戦いの神
ラウムール様と共に、時の神殿へとやってきた私たちは、ラウムール様のアネラスらしき女性に案内され、大きな部屋へと入っていった。
部屋の中には大理石でできたような丸い石のテーブルと椅子がある。ラウムール様が指をパチンと鳴らすと、椅子の上に厚みのあるクッションが出てきた。

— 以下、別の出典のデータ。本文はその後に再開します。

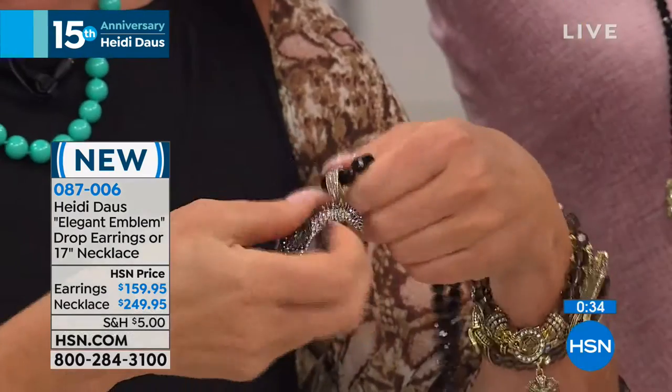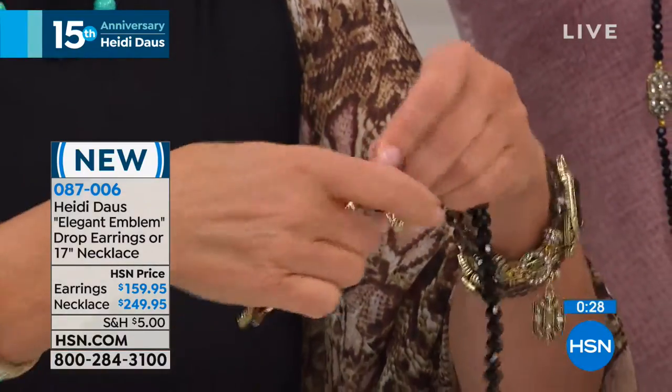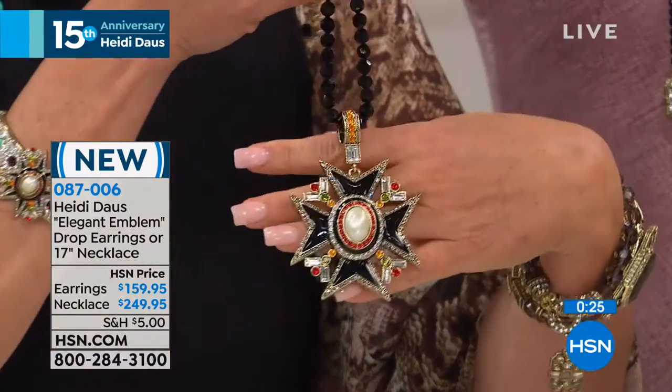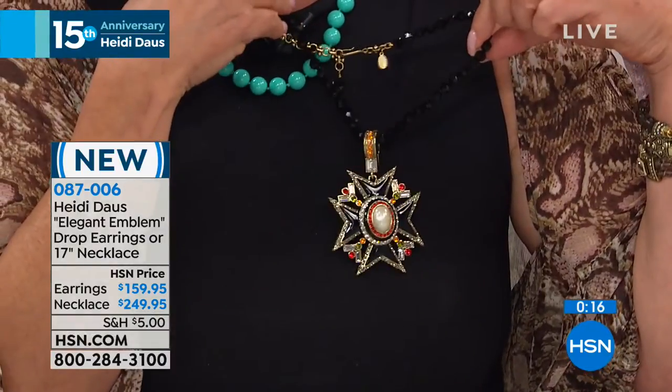Guess what, guys — it comes off. This is on an enhancer. So off we go, and you have these beautiful turquoise beads. You can take your pendant off and put that beautiful emblem on. Look at that — it looks totally different, completely different, and also absolutely amazing.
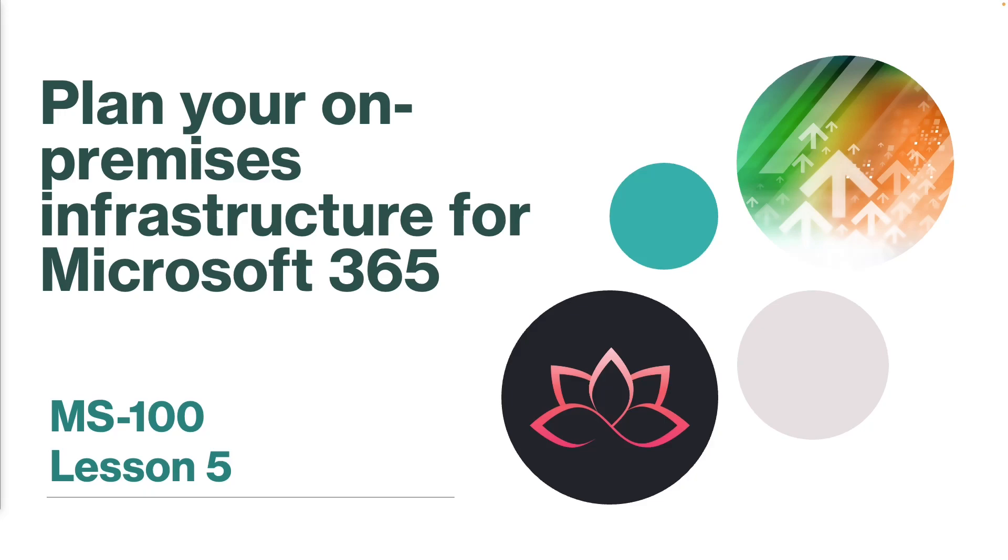Although Microsoft 365 is a managed service that requires little to set up for pure cloud companies, companies with an existing local environment still need to complete various checks to ensure a smooth transition. So let's find out what are these checks we need to do before considering moving everything into a Microsoft 365 environment.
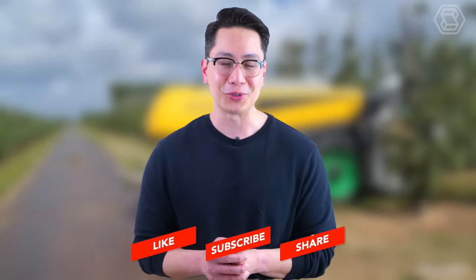Additionally, please remember to share, like, and subscribe to our channel to stay updated on our latest uploads. Thank you for tuning in, and we look forward to seeing you in the next video.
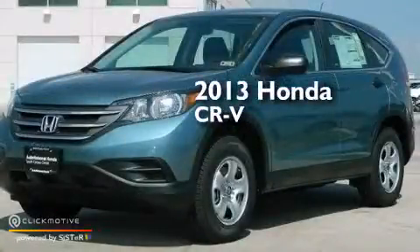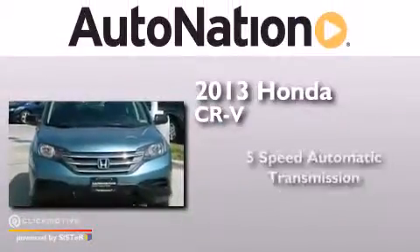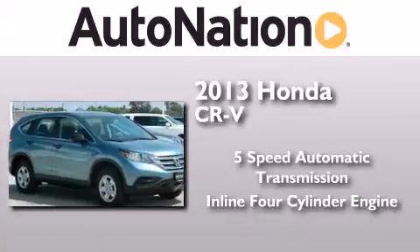This is a brand new 2013 Honda CR-V. This crossover has a 5-speed automatic transmission and an inline 4-cylinder engine.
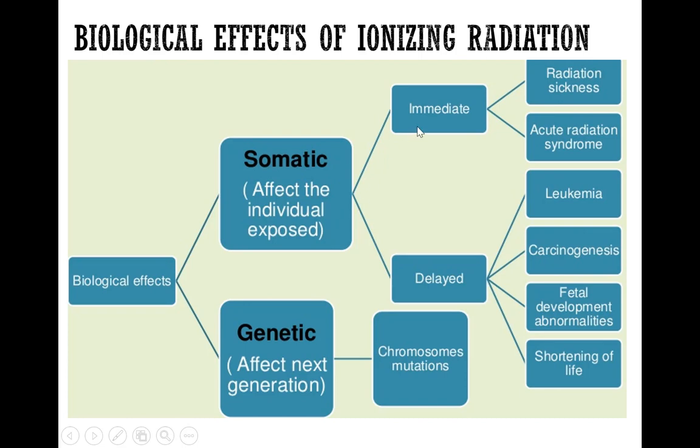Somatic effects can have an immediate effect, which is acute, and a delayed effect, which is long-term or chronic. The immediate effect is manifested as radiation sickness as well as other types of acute radiation syndrome, whereas the delayed effect is displayed through cancer, such as leukemia and other types of cancer in the body, as well as fetal development abnormalities and shortening of life.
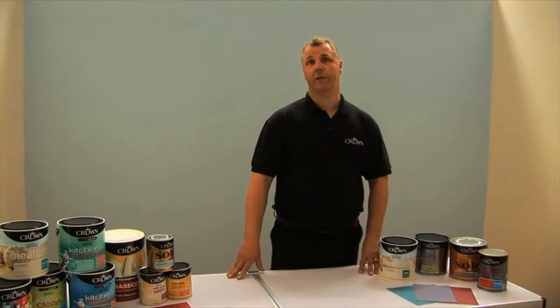When you're selecting paints there are lots of different colours and finishes out there. Let's have a look at the types of finishes and where they're best used.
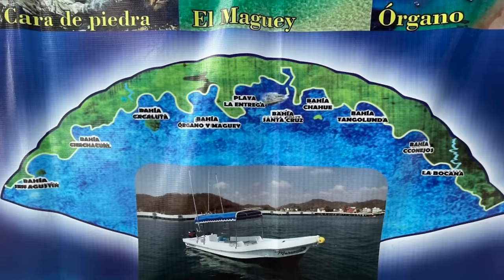I want to take a minute and talk about the layout of Huatulco because when we got here I was so confused. Like Cabo and Cancún in the 80s, Huatulco was developed as a tourist resort town and it encompasses nine bays which span 26 kilometers of coastline and 36 beaches — so it is pretty big.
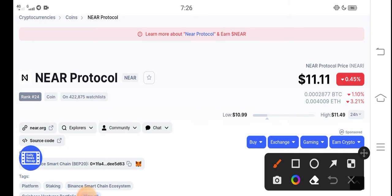Right now the price of NEAR Protocol in the market is $11.11 USD. That's the current price of NEAR Protocol in the market, and I have good news for all holders of NEAR Protocol.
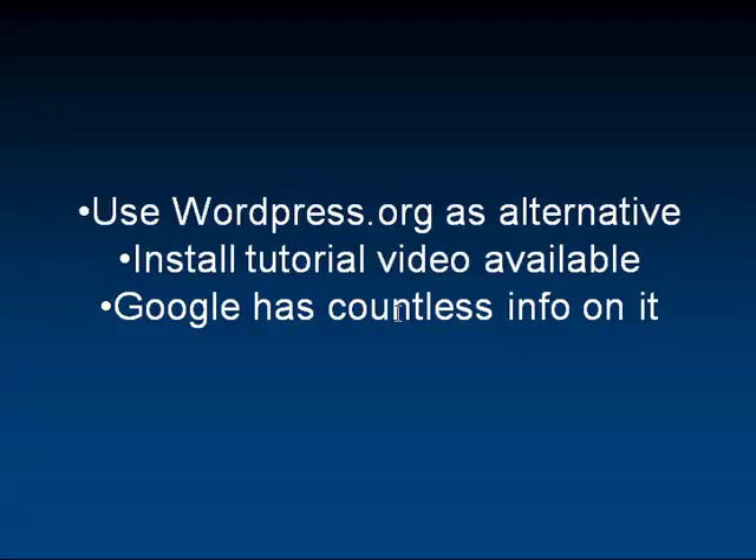You could build your own website on there, or have a professional build your website. But stay away from the Flash-based websites. It's okay to have a little Flash integrated into a website — that's fine — but stay away from the fully Flash websites because you're not going to get any results through the search engines.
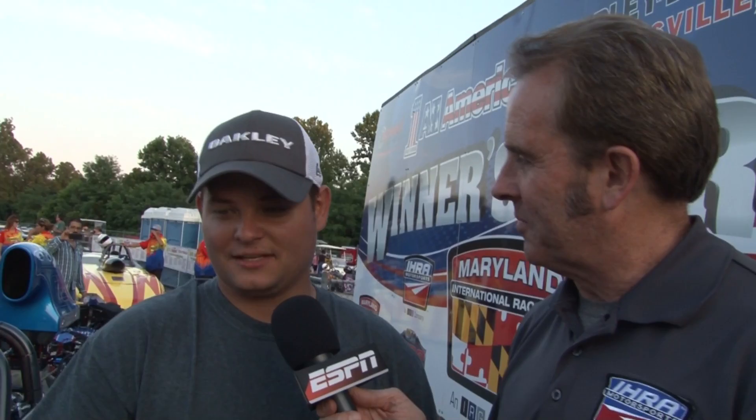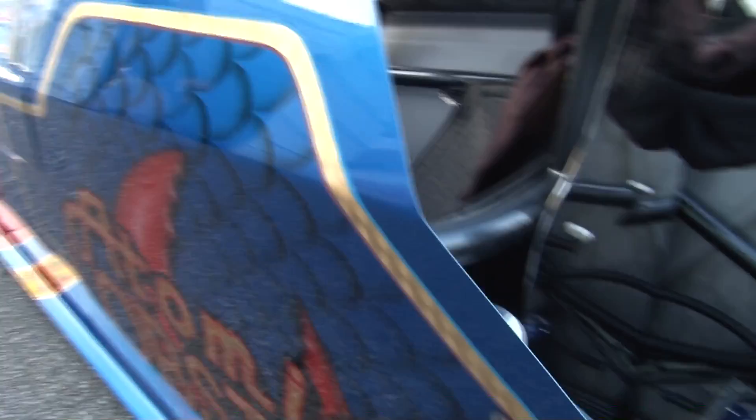I'm lucky enough to get to drive it for a good buddy of mine. He built the car, and he was actually reading a book called the Atomic Lobster. My buddy that paints cars for a living came up with the idea — he wanted to name the car Atomic Lobster, and this is what came of it.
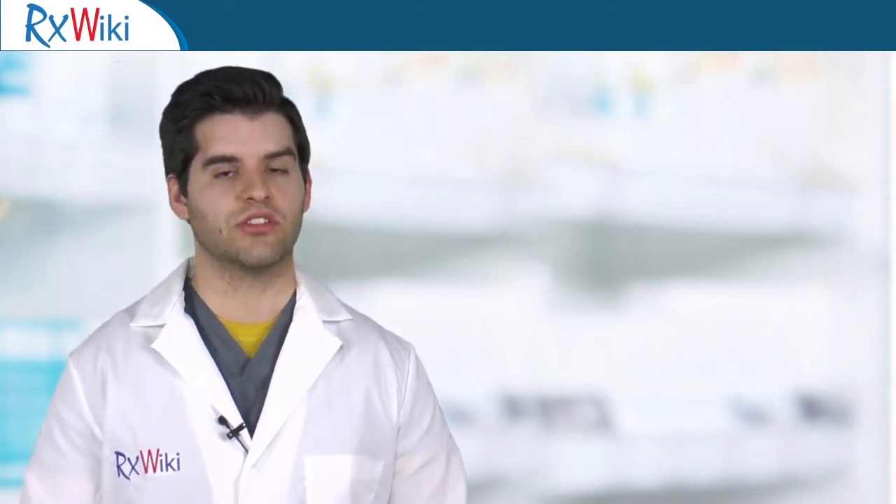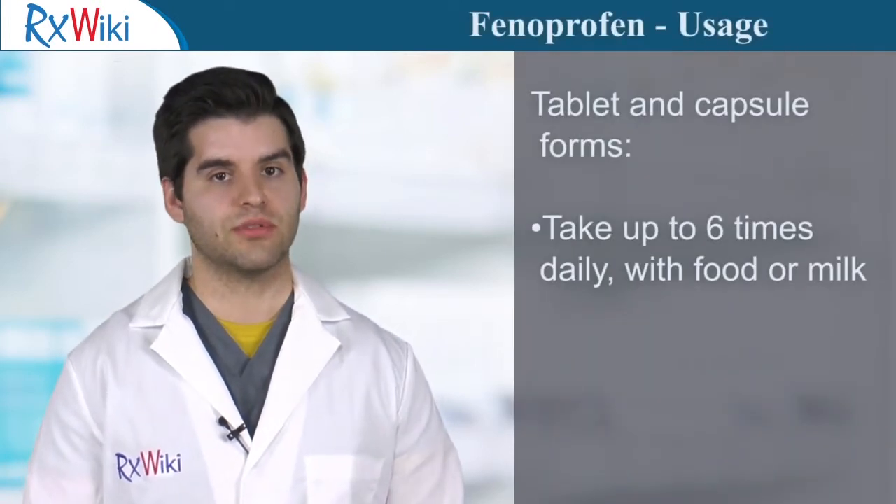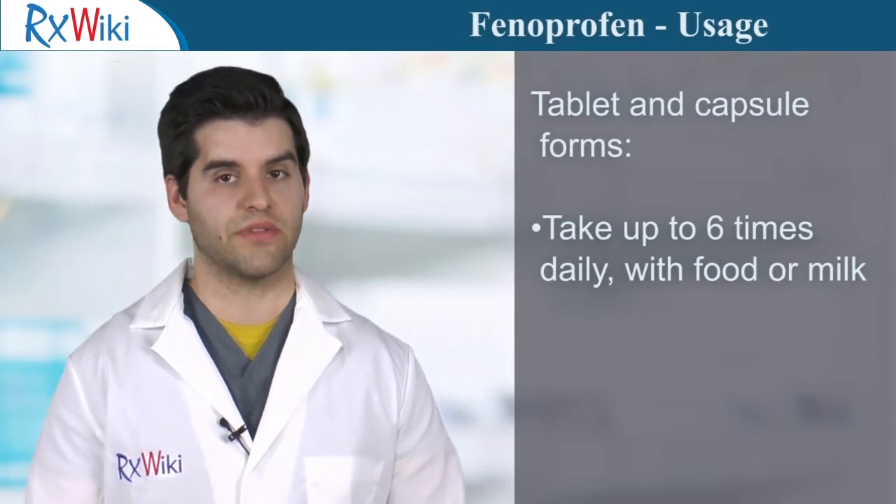Fenoprofen belongs to a group of drugs called non-steroidal anti-inflammatory drugs, or NSAIDs. This medication comes in capsule and tablet forms and is taken up to six times a day with food or milk to prevent stomach upset.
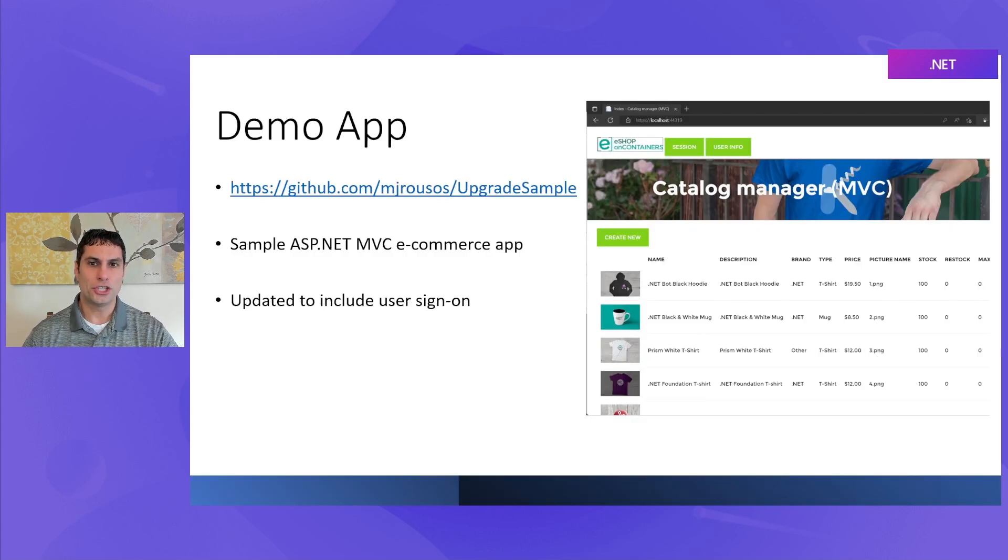As we go through this, I have a demo application called eShop — it's a common sample you may have seen in other Microsoft talks and demos. It's a simple e-commerce application, and at the beginning of this video series, it is an ASP.NET MVC app running on .NET Framework. Over the course of these videos, we're going to use tools like Upgrade Assistant and .NET Upgrade Planner to completely upgrade it from ASP.NET on .NET Framework to ASP.NET Core on .NET 7, making sure that every change we have to make happens in one of these videos so that you've been able to see the entire journey.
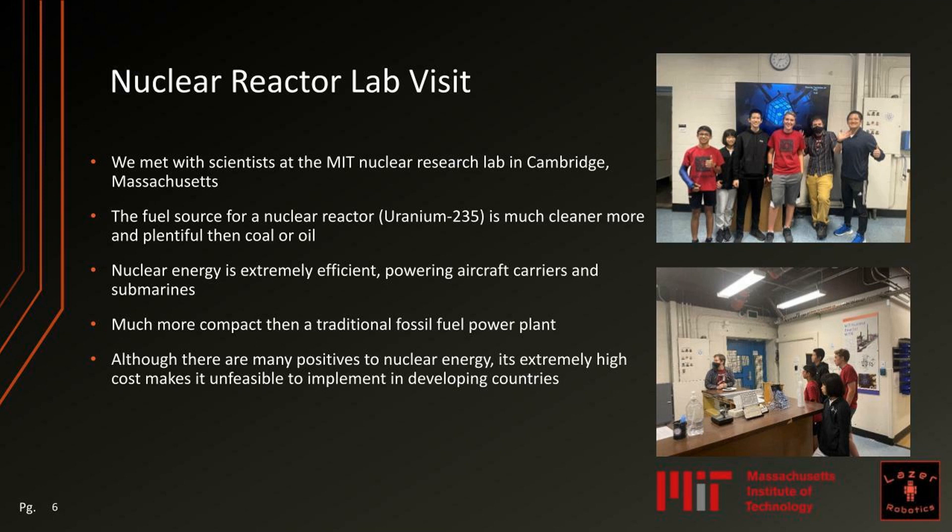We met with scientists at the MIT Nuclear Research Lab in Cambridge. We learned that the fuel source for a nuclear reactor, Uranium-235, is much cleaner and more plentiful than coal or oil. Nuclear energy is extremely efficient, powering aircraft carriers and submarines, and nuclear plants are much more compact than traditional fossil fuel power plants. Although there are many positives, nuclear energy's extremely high cost makes it unfeasible to implement in developing countries.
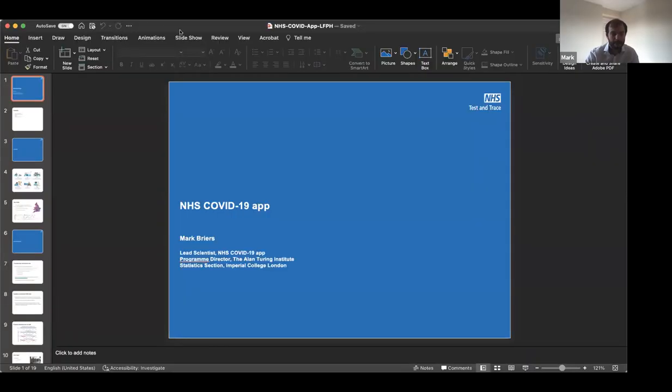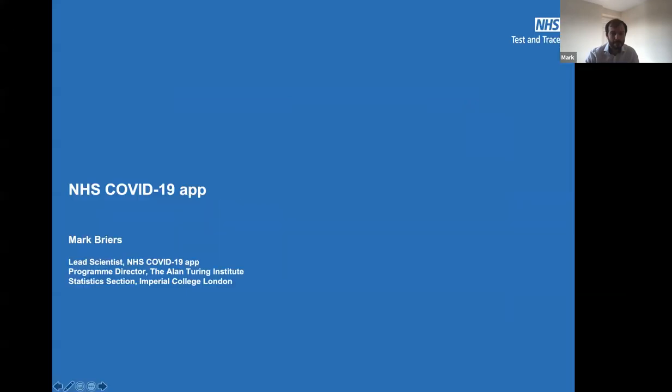Thank you very much, Jenny, and thank you for the opportunity to present to you all today. Now let me share my screen. So please shout out if you can't see my screen. It's my pleasure to present a quick overview of the NHS COVID-19 app, which covers England and Wales — not the whole of the UK. Scotland and Northern Ireland have their own apps.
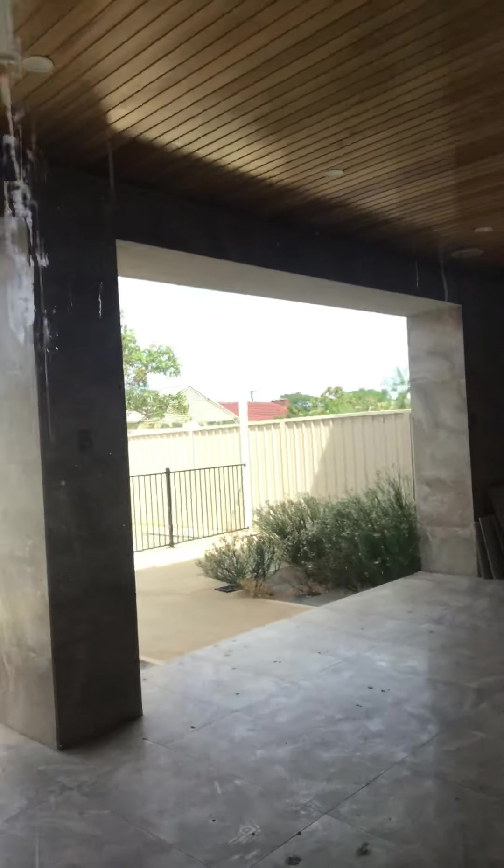Look at the undercroft — it's huge. Look at the architecture of what we're entering here. It's a fantastic, architecturally designed undercroft.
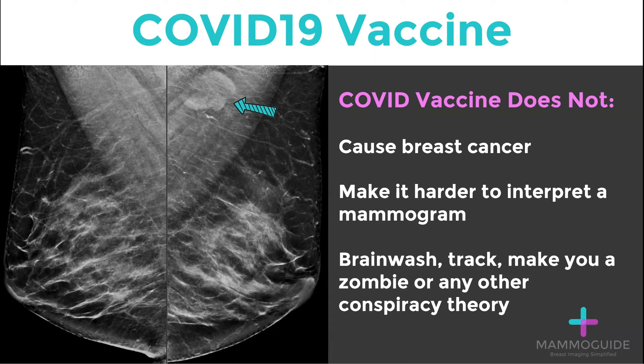There are a few things we know the COVID-19 vaccine does not do. It does not cause breast cancer. It does not make it harder to interpret a mammogram. And lastly, it does not brainwash, track, make you a zombie, or support any other conspiracy theory.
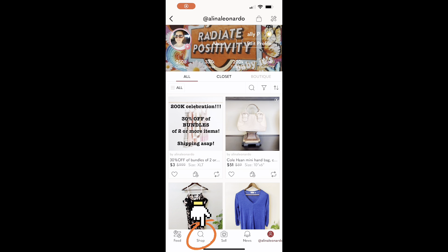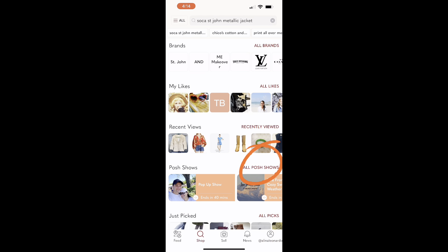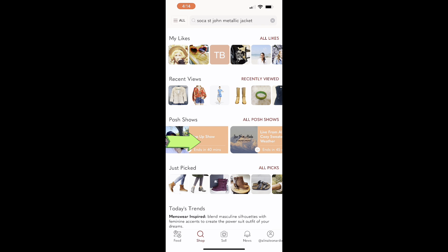From your main closet, go to the shop icon on the bottom. You will see Posh Shows. The ones that are highlighted are live, and the ones that are not are upcoming.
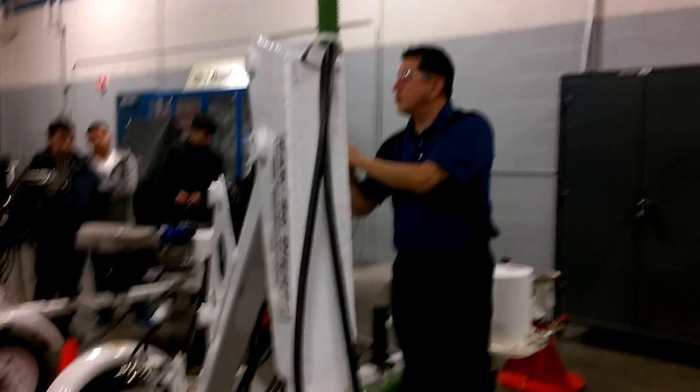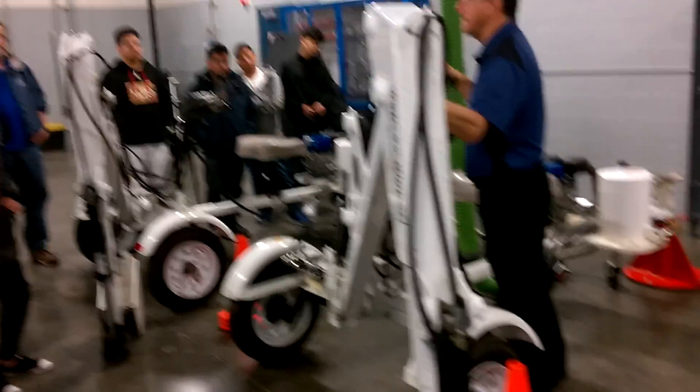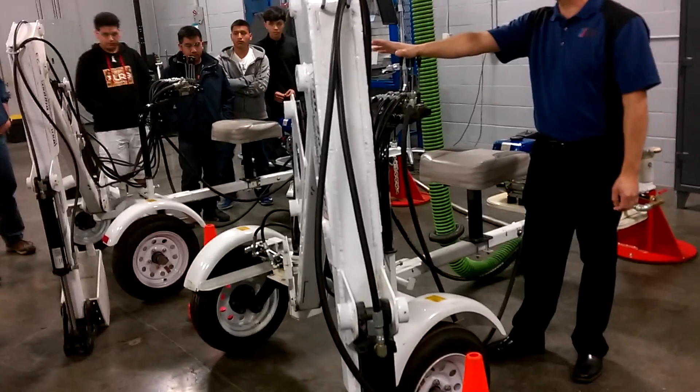When students go through this program, they're going to learn about hydraulics. What is hydraulics? Anything that has any clients — front loaders, back loads, skid steers. A lot of opportunity in just hydraulics.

ラウムール様はその上に私を座らせる。そして、ラウムール様も私の前に座った。
「さて…」
ラウムール様は手を顔の前で組み、深刻そうな顔になる。私は、少し不安になりながら、ラウムール様の言葉を待つ。
「…どんな話をしようか?」
“えっ…?”
ポカーンとして呆気に取られている私を見て、ラウムール様は笑う。
「クスクス。呆気に取られているリディも可愛いね。」
“やっぱり!”私は心の中で確信した。
「ん?やっぱりって?」
ブンブンと私は首を横に振る。
「お話中申し訳ありません。ラウムール様、リディ様に何かご用があったのでは?」
崩れ落ちていたエフィがラウムール様に問う。
「用?リディに会いたかっただけだよ。スノーの生まれ変わりならば、私の姫でもあるからね。」
「め?」
(姫?)
「可愛い妹ってことだよ。」
「むぅーま?」
(ラウムール様?)
「ラウでいいよ。なんだい?リディ。」
「のーま、んーあーね。」
(スノーラド様は、みんなに愛されていたんですね。)
「そうだね。彼女はまだ幼かったからね、皆可愛がっていたね。」
ラウ様が優しそうな表情になる。
「だけど、彼女は彼女。リディはリディだよ。確かに、スノーラドの生まれ変わりという理由も多少はあるが、生まれ変わりだから可愛いいのではなくて、リディだから可愛いいんだ。今までも、何度か生まれ変わりの者がいたが、誰も興味を示さなかった。だが、キミが天界にやってきた時に皆、何かを感じたんだろうね。落ち着きがないったらありゃしないよ。神なのにね。」
ラウムール様はクスクスと笑う。
「ほら、そこにも一人。」
ラウ様が私の後ろを見る。
「カーラリアいるんだろう。」
「やはり気づいていたか。」
後ろから声がしたと思ったら、ひょいッと私の体が宙に浮き、クルッと向きを変えられ、誰かに抱き締められた。ん?何だかこのパターン多くないか??
抱き締められたと思ったら、私の顔は弾力のある何かに埋められた。
「ん…!しぃ!」
(ん!!苦しいっ!)
「おいおい、カーラリア。リディが苦しんでるよ。」
「おっ?すまないね!」
私に謝り、声の主はアッハッハッと笑いながら、私を弾力のある何かから引き離す。
「私はカーラリア!カーラと呼んでおくれよ!」
私の目の前にいたのは、ほどよく引き締まった肉体が力強さを感じさせるような、とても美しい女の人だった。燃えるような赤い髪を1つに束ね豪快に笑っている。
「リディ、彼女は戦いの神だよ。」
「かーい?」
(戦い?)
「そうだよ!リディ。力をつけてから地上に戻るんだって?私が戦い方を教えてやるよ!」
「おいおい、リディには魔法があるだろ?戦い方なんて教えたら可愛いリディに傷がついてしまうよ。」
「何を言ってるんだい!可愛いからこそ、戦い方を教えるんじゃないか!魔法だけだと接近戦は厳しいからね!リディを守るためさ!」
“そっか、私命を狙われたんだっけ。うん!よしっ!ちょっと怖いけど…”
「ねーしーましゅ!」
(お願いします!)
「アッハッハッ!分かってるね!リディは!」
カーラ様は頭をグリグリと寄せながら、私を抱きしめる。
「うっ…」
コホンッとラウ様が咳払いをする。
「カーラリア。」
咳払いをされたカーラ様が私を見る。
「あぁ、悪い、悪い!どうも力加減が難しくてね!」
謝りながら、カーラ様は私の頭を撫でてくれる。優しさは伝わってくるのだが、力が強い。だけど、地球では大人の人に優しくされることなんてほとんどなかったから、こんなに可愛いがってくれて、心がくすぐったかった。